These are the results that I would expect. There are a reasonable number of associations for the insects and they decrease (mostly) as trait covariates are added to the model.

Shared SNPs

shared.SNP.list <- insect.sig.gwa$sig.df %>% group_by(SNP.name) %>% tally() %>% filter(n>1)
# which insects have each SNP in our list?
shared.ins.list <- data.frame()
for (snp in shared.SNP.list$SNP.name){
  tmp <- paste(insect.sig.gwa$sig.df$trait[which(insect.sig.gwa$sig.df$SNP.name == snp)],
               collapse = ",")
  shared.ins.list[snp,"insects"] <- tmp
}

shared.ins.tab <- shared.ins.list %>% group_by(insects) %>% tally() %>% arrange(desc(n))

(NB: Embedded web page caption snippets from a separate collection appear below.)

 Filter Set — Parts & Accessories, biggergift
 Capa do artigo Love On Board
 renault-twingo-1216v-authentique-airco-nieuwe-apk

There are a total of 975 SNPs that are shared among our common insects and there are 34 unique insect combinations that share SNPs. More on that in the Shared Associations section

Trait GWA

# trait.full.tab <- trait.full.res %>% filter(q.all < .05) %>% group_by(trait) %>% tally()
# trait.full.tab$gwa.type = "trait-full";trait.full.tab$q.cutoff="0.05 (all)"

trait.comp.dat <- rbind(cbind(trait.sig05.gwa$sig.tab,
                              "q.cutoff" = "0.05", "covars" = "no covars"),
                        # trait.full.tab,
                        cbind(trait.sig01.gwa$sig.tab,
                              "q.cutoff" = "0.01", "covars" = "no covars"),
                        # cbind(trait.sig005.gwa$sig.tab,"q.cutoff" = "0.005"),
                        cbind(covartrait.sig05.gwa$sig.tab, 
                              "q.cutoff" = "0.05","covars" = "with covars"),
                        cbind(covartrait.sig01.gwa$sig.tab, 
                              "q.cutoff" = "0.01","covars" = "with covars"))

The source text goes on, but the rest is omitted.